Reacção do PCP e comparações com outras cidades
No teor do comunicado, os comunistas afirmam que iniciativas semelhantes, em municípios liderados por forças de direita, têm resultado em restrições ao exercício da actividade partidária e cívica. O PCP aponta directamente para casos anteriormente discutidos noutros concelhos, ao mencionar o que descreve como tentativas de limitação lideradas por Carlos Moedas e Rui Rio em Lisboa e no Porto, respectivamente.
“A tentativa de regulamentação da afixação de propaganda política e partidária em locais públicos, por diversos municípios de maioria de direita, tem invariavelmente resultado em restrições ao exercício da atividade dos partidos.”

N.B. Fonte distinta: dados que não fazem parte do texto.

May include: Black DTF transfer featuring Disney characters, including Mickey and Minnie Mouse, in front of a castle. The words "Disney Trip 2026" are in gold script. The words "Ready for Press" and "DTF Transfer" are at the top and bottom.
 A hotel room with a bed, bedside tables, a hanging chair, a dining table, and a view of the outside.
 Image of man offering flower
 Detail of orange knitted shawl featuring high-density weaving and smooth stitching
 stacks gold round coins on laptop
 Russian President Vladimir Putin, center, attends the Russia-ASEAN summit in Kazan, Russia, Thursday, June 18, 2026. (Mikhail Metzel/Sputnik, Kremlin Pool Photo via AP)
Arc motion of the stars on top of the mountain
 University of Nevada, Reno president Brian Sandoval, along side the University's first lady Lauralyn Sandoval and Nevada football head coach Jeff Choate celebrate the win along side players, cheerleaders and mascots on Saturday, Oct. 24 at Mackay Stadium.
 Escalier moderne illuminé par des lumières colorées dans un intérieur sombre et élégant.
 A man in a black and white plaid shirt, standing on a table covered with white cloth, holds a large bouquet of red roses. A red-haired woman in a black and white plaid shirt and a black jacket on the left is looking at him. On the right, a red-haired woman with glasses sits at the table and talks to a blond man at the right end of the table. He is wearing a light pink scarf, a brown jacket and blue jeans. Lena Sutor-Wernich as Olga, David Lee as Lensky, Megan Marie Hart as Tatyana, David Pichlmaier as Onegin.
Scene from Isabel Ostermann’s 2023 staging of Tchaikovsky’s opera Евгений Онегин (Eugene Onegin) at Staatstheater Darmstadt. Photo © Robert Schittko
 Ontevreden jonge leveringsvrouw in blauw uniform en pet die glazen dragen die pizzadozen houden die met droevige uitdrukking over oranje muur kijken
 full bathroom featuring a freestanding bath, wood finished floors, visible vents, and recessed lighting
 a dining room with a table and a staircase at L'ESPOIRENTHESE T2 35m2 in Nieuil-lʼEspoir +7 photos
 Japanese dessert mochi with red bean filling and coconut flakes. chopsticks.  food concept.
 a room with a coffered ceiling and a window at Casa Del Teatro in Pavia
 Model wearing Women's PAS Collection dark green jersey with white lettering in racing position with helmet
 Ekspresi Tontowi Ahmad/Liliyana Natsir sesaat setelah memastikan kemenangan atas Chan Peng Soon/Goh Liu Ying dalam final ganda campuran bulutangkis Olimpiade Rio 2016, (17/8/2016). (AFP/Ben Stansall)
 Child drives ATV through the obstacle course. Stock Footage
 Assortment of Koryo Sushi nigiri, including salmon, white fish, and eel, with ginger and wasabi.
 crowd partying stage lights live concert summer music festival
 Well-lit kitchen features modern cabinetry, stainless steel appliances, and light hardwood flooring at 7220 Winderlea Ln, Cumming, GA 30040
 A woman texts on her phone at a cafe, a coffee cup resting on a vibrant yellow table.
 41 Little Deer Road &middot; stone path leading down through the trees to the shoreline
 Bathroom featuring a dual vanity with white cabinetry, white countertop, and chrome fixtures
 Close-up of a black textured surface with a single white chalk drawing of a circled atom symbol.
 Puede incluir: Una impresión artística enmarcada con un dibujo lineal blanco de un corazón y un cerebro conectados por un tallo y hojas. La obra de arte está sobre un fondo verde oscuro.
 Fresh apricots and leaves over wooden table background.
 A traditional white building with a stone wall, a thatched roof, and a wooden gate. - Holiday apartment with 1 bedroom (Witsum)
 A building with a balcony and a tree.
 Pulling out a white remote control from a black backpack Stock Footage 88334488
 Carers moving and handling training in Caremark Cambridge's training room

Para o PCP, uma eventual regulamentação poderia colocar em causa princípios constitucionais como a liberdade de expressão e o direito à informação, sobretudo se traduzida na proibição ou na imposição de regras excessivas sobre cartazes e estruturas de maior dimensão.
Críticas ao argumento da «poluição visual» e prioridades locais
O comunicado não se limita a contestar a medida proposta: critica também a gestão municipal em matéria urbanística. O PCP sustenta que, se existe preocupação com a poluição visual, a Câmara deveria priorizar a reabilitação do edificado do Centro Histórico e as barreiras do planalto, assim como outros pontos de degradação que indicam «falta de intervenção» por parte da gestão local. O partido menciona ainda intervenções urbanísticas junto à Rotunda Bernardo Santareno, no Cabeço, como exemplos de preocupações locais que, segundo o PCP, mereciam maior atenção.
- O PCP acusa o executivo de querer limitar a actividade partidária através da regulamentação da afixação de propaganda;
- Questiona-se o uso do argumento da «poluição visual» quando persistem problemas de reabilitação urbana;
- Refere-se a precedentes de medidas semelhantes em outras autarquias lideradas pela direita.
Do lado da Câmara Municipal, até ao momento da publicação deste texto, não foi divulgada uma resposta pública oficial às acusações do PCP. A ausência de posicionamento do executivo local sobre o teor ou o alcance de qualquer proposta de regulamentação contribui para a inquietação política manifestada pelo partido.
| Autarquia | Referência na crítica do PCP |
|---|---|
| Santarém | Possível regulamentação da afixação de propaganda |
| Lisboa | Mencionada como precedente (Carlos Moedas) |
| Porto | Mencionada como precedente (Rui Rio) |
A polémica envolve questões centrais para a participação democrática local: o equilíbrio entre a ocupação do espaço público e a protecção de direitos constitucionais, bem como a definição de prioridades urbanísticas no concelho. Para os munícipes, as consequências práticas vão depender do conteúdo concreto de qualquer regulamentação que a Câmara venha a aprovar — nomeadamente em termos de dimensões permitidas, locais autorizados e eventuais sanções — e da clarificação pública sobre as razões e objectivos dessas regras.
Enquanto se aguardam esclarecimentos oficiais, o tema promete acender o debate político local, com impacto direto na maneira como os partidos e cidadãos poderão exercer a sua actividade de campanha e de informação na cidade.